Merrill Matthews, Ph.D., is a resident scholar with the Institute for Policy Innovation.

Good job, GunnyG
I thought their was something oddly familiar about these various jerks - and the background exaggerations that just didn't fit the lameness of their comments seemed to be a common denominator. Maybe Hal's lilly as well...

It's like the hydra of Greek mythology.
________________________________________________

Phyllis Schlafly has already written of the latest attempts to gut the patent process with the 'first to file' legal scam. Rather than apply the correct remedy to the US patent process, which would be to fund it at the level it deserves, given its constitutionally mandated importance and the complexity of the process, its funding is treated the way the left treats another constitutionally mandated authority, i.e. military funding.

If need be, provide it with the funding and staff it requires, at the expense of non-mandated, wasteful and extraneous agencies such as education, energy, commerce, etc that are little more than homes for liberal lawyers and others who can't make it in the real world.
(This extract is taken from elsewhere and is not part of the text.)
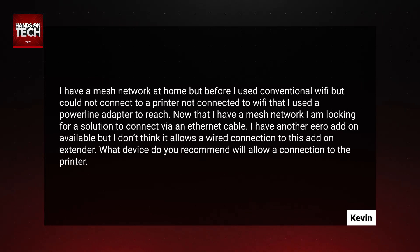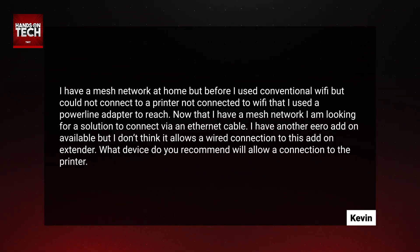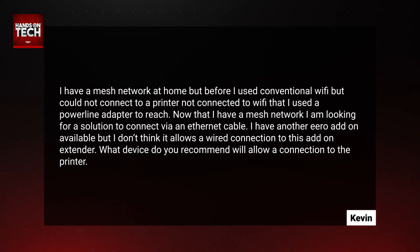This question comes in from Kevin. Kevin writes in to say: I have a mesh network at home, but before I used conventional Wi-Fi and could not connect to a printer not connected to Wi-Fi. So I used a power line adapter to make this connection. Now that I have a mesh network, I am looking for a solution to connect via an Ethernet cable. I have another Eero add-on available, but I don't think it allows a wired connection to this add-on extender. What device do you recommend that will allow a connection to the printer?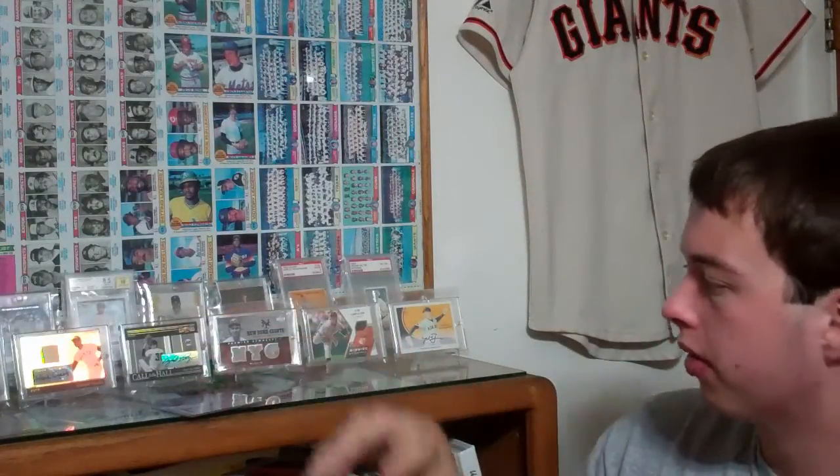I think I'm only missing one of the parallels, other than the Canary. And that's it out of those. And of course the other two printing plates. Those are all one-to-one.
The Lawyers are the Problem
Once again, here is a huge debate over an important part of our country that is being ruined by ambulance chasers. The answer is loser pays. If the cost of the endless failed lawsuits against patent holders (or doctors, or drug companies, or insurance companies, or people that build playgrounds or shovel the snow from their sidewalks, etc.) were put fully upon the lawyers who are knowingly using this tactic as extortion and/or a lottery, this would stop. We could then discuss the real problems with the patent system (healthcare system, drug development, lack of playgrounds, absurd warning labels on coffee, etc) if there really are any. But, once again, we're talking about major changes to the patent system here rather than a simple change to the tort system.

"... of the lawyers, by the lawyers, and for the lawyers..."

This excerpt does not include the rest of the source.